Nu-trek can still be "more realistic" without being "real-world realistic". It is simply a more realistic slant on THE FAMILIAR STAR TREK UNIVERSE.
For example, Casino Royale (2006) was certainly more realistic in tone than, say, A View to Kill, but it was still far from being a realistic representation of the actual world. Casino Royale was 'realistic' only within the framework of the James Bond world.
If you want a "realistic" Trek then you'd better get rid of Spock (human/alien hybrid), warp drive, phasers, transporters and all the rest of the trappings. If you make it realistic it won't be Star Trek any longer. If that's what you want then we need something to take the place of Trek, to update it.
1) I like that Star Trek used to strive to tell the best story possible, despite what came before.
What is the best story? If it is the one which is the most realistic, then Trek has always been in trouble (which is why quoting Orci doing his best to justify Trek in terms of quantum physics is preposterous). If it is to tell a story which is most coherent, then Orci would have been better served by a hard reboot. Just start over and perhaps never even raise the prospect of backward time travel.
If you're going to boldly go in a new direction, then just boldly go, and leave old Trek behind without a passing of the torch narrative.
2) That's not Spock Prime's mother. His mother and father lived and died in another timeline.
And yet Old Spock still reported that he was emotionally compromised. And this means he still had motivation as well as justification.
What's the best story?
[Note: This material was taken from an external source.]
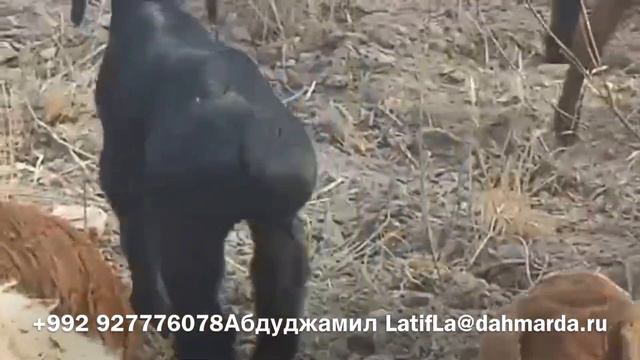 Аборигенные САО Таджикистана саги дахмарда и овцы гузнской породы Махмадсобира - красавчика смотреть онлайн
Since Trek became a franchise the best story is the one that makes the most money. Period. You could make a movie that would win the Oscar, Hugo and Nebula awards but if it flopped at the box office then it's reboot time.
If "dealt with" means the same thing to you as does "skipped over without acknowledging," then yes, granted. But, to spell it out more fully than I did upthread:M'Sharak also pointed this out to you in a post. These were the rules Orci and Kurtzman operated by. In this universe, you can't do what you're asking for.
This has been dealt with upthread too.
Orci-Kurtzman Q&A session at TrekMovie said:Dan:
Spock Prime could go back in time and stop Nero, like all the other ways they have done before in movies and TV shows in the past Trek lore, he doesn’t need Red Matter to only go back in time to stop Nero. It’s lame for Bob to say that Prime Spok can’t do time travel without Red Matter. When they could just fly around the Sun like he did in Star Trek IV, or Picard did in First Contact.
BobOrci:
In our Universe, as long as I am here, you can’t just slingshot around the sun and linear time is a misconception from the middle part of the 20th century.. A good analogy for what we have done here would be to imagine we were rebooting the modern adventures of a sailor, who at the time that his stories were told, it was believed the earth was flat. Now, years later, here in the re-whatever, we know the world is round. So our story exists in a world where the world is now round, despite that being a “canon” violation.
Slingshotting is not an available option. Period. The (then-current) model upon which the idea was based is effectively obsolete, and has been replaced (for purposes of this incarnation of Trek, at the very least) with a different model - one which does not allow closed-loop time travel. In practical terms, that mode of time travel never existed. To insist that it still does exist is to wilfully ignore The Way Things Are Now (according to the guys who are telling the stories).
If you're interested in participating in discussion, then you're welcome to do so. However, the recurrent cataloguing of fallacies in which you've been engaging has the effect, more and more, of making it look as if this really is the "gotcha" topic you've insisted it is not. If the responses you're getting don't fit the answers you had already written on your checklist, it does not automatically render them invalid or fallacious; it only means that it would probably have been more realistic for you to be expecting those other answers and not now be trying to force them to fit into your predetermined "right answer" checklist boxes....
The list of informal fallacies in this thread is staggering.
That's all well and good but I don't recall anyone in the movie actually mentioning slingshot around the sun as a means of time travel. Orci can claim what does and doesn't work all he likes but until they come right out and say you can't time travel that way then, seeing as it's branched off a universe where you could do that then his opinion is just that, his opinion. He's also said in an interview that Delta Vega is the same planet in WNMHGB and ST09. Doesn't mean that it is. It just happens to have the same name.
For the Trek fans, this film includes many little references. For example you have Kirk dropped off on the planet Delta Vega, which was seen in second Star Trek pilot. It is a cool reference, but didn’t you also fudge canon by ignoring that Delta Vega was way out next to the galactic barrier.
Orci: True. Yeah we did. We moved the planet to suit our purposes. The familiarity of the name seemed more important as an Easter egg, than a new name with no importance.